What the task asks >> Find the line containing "Hi, this is" in the entries below. Restate it and each line after it, word for word, up to and including the line containing "First of all, you".

Dataset entries >>
╭──
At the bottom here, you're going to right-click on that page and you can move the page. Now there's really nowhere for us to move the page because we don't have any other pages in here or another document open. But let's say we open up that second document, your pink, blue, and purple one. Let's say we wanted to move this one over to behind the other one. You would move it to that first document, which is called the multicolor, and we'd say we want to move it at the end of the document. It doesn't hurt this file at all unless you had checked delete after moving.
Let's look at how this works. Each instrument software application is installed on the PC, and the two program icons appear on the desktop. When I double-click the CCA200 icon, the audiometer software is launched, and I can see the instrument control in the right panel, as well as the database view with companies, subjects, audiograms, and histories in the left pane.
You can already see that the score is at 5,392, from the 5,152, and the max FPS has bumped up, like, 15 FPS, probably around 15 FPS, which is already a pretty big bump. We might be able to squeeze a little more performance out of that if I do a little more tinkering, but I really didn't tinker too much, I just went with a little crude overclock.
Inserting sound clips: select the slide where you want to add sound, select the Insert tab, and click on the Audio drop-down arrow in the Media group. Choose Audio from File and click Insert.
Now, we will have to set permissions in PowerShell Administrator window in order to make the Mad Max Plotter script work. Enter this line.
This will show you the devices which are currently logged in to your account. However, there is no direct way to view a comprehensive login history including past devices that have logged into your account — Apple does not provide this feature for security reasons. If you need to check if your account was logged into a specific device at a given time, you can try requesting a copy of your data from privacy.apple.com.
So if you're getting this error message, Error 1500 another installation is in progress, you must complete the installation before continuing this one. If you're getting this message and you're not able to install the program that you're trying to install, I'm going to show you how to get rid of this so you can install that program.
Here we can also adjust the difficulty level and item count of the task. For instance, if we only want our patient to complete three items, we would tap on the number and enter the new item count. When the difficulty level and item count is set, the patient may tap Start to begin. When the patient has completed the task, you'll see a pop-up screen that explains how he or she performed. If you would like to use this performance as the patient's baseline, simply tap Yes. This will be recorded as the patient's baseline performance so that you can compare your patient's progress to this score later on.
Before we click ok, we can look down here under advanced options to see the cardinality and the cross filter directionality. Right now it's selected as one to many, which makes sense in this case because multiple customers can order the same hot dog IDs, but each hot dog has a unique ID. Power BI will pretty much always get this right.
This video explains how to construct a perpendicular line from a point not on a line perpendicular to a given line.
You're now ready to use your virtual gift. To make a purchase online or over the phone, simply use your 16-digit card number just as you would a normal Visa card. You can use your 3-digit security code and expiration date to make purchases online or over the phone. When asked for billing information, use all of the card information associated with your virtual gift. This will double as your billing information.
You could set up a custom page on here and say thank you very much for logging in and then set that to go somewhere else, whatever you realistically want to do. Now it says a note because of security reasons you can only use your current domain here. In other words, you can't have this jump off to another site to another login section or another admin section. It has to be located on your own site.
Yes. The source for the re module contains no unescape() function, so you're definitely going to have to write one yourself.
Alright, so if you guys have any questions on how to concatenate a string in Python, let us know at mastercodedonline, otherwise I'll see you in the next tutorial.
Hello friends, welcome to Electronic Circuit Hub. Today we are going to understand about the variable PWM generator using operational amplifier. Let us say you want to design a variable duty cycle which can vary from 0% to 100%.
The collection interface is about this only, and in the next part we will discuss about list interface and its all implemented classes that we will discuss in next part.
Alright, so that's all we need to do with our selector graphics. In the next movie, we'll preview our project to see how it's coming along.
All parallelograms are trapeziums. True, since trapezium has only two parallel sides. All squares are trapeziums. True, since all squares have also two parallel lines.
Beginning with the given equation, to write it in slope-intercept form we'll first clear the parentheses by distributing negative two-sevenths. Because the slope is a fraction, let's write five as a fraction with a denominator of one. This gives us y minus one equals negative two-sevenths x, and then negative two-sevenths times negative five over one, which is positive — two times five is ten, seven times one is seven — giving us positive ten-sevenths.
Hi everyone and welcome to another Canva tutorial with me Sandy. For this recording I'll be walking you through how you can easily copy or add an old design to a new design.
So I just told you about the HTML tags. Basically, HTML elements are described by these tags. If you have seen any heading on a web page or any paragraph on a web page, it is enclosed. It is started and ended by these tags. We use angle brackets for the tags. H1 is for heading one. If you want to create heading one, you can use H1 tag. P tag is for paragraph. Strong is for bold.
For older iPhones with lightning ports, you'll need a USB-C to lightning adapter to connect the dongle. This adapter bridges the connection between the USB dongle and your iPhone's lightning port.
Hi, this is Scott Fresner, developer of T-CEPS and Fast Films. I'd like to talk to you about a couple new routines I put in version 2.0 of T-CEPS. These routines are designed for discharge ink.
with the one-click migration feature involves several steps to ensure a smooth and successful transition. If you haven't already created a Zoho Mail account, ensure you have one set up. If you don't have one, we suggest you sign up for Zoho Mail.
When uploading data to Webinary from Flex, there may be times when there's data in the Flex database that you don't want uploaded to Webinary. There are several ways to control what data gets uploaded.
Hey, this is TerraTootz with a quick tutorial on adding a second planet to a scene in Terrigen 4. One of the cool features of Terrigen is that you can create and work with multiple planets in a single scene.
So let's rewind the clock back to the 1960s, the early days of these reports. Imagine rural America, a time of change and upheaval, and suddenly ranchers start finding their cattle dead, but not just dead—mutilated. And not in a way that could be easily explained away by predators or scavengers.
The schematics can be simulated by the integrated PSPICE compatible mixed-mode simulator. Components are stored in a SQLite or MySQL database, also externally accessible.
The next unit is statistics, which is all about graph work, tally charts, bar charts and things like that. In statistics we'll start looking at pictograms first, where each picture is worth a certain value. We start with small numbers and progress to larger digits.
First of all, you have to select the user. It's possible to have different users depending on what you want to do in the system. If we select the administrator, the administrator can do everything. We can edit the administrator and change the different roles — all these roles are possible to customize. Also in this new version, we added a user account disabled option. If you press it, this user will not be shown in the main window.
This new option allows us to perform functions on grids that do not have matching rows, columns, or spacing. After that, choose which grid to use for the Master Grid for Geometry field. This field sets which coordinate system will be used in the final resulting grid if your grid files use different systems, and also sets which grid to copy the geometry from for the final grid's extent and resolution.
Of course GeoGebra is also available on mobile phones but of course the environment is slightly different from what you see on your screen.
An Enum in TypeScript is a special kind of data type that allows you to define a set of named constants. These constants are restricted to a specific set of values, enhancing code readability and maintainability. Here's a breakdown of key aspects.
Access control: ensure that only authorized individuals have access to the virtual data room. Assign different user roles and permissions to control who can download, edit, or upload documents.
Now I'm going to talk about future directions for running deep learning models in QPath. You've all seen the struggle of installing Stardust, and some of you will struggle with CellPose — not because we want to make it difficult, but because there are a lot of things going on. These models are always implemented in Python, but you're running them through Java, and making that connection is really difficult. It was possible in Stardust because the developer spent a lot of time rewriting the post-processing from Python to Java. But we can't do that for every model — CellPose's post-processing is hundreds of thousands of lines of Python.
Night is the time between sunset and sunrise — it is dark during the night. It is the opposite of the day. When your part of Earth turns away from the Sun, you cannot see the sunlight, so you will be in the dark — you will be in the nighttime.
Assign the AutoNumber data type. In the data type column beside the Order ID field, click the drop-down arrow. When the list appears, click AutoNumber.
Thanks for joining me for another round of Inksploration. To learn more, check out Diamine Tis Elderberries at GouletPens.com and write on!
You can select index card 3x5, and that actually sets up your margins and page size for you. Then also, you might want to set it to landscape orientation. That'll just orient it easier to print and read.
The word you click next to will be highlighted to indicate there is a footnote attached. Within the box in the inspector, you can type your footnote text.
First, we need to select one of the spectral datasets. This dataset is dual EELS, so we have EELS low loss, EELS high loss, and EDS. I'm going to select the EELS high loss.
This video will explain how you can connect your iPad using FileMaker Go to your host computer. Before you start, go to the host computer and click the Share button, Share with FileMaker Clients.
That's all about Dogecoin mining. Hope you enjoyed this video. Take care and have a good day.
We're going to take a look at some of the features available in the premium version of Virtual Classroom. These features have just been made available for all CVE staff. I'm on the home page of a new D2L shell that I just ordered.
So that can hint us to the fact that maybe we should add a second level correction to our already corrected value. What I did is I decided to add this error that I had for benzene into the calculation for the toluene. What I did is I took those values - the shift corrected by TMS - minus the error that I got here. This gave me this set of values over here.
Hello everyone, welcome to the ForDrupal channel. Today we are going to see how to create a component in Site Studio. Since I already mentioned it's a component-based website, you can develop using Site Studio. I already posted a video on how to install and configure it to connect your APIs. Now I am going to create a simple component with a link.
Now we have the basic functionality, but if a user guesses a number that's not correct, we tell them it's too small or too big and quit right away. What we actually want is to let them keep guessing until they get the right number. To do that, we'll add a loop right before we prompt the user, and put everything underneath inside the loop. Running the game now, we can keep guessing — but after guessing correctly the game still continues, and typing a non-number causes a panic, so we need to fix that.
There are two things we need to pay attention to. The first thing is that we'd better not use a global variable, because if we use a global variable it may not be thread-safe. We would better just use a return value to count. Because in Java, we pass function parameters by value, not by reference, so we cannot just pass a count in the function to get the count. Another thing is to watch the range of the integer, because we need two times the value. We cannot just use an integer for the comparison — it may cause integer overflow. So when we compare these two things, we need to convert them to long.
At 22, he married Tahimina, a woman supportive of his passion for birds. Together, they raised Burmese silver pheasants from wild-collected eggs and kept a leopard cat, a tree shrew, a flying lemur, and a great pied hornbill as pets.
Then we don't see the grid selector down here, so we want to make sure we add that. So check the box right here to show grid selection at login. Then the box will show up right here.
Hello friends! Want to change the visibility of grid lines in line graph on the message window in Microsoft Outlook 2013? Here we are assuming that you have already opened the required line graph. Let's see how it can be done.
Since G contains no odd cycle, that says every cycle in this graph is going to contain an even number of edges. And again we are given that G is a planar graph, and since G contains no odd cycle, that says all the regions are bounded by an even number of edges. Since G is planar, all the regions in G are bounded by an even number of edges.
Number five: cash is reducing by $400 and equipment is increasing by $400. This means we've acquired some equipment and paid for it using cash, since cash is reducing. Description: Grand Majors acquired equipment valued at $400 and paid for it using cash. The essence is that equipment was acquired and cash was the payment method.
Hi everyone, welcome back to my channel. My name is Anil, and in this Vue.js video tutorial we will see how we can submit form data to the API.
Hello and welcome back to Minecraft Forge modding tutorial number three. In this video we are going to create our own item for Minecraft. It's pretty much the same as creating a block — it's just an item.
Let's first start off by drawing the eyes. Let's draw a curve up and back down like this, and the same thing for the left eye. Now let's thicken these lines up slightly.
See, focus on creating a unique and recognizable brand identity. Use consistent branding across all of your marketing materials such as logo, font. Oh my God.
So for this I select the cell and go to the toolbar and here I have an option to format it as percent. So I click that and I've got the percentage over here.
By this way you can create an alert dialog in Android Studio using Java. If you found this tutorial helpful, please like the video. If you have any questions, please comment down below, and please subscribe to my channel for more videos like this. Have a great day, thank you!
╰──
Solution to the exercise >>
Hi, this is Scott Fresner, developer of T-CEPS and Fast Films. I'd like to talk to you about a couple new routines I put in version 2.0 of T-CEPS. These routines are designed for discharge ink.
with the one-click migration feature involves several steps to ensure a smooth and successful transition. If you haven't already created a Zoho Mail account, ensure you have one set up. If you don't have one, we suggest you sign up for Zoho Mail.
When uploading data to Webinary from Flex, there may be times when there's data in the Flex database that you don't want uploaded to Webinary. There are several ways to control what data gets uploaded.
Hey, this is TerraTootz with a quick tutorial on adding a second planet to a scene in Terrigen 4. One of the cool features of Terrigen is that you can create and work with multiple planets in a single scene.
So let's rewind the clock back to the 1960s, the early days of these reports. Imagine rural America, a time of change and upheaval, and suddenly ranchers start finding their cattle dead, but not just dead—mutilated. And not in a way that could be easily explained away by predators or scavengers.
The schematics can be simulated by the integrated PSPICE compatible mixed-mode simulator. Components are stored in a SQLite or MySQL database, also externally accessible.
The next unit is statistics, which is all about graph work, tally charts, bar charts and things like that. In statistics we'll start looking at pictograms first, where each picture is worth a certain value. We start with small numbers and progress to larger digits.
First of all, you have to select the user. It's possible to have different users depending on what you want to do in the system. If we select the administrator, the administrator can do everything. We can edit the administrator and change the different roles — all these roles are possible to customize. Also in this new version, we added a user account disabled option. If you press it, this user will not be shown in the main window.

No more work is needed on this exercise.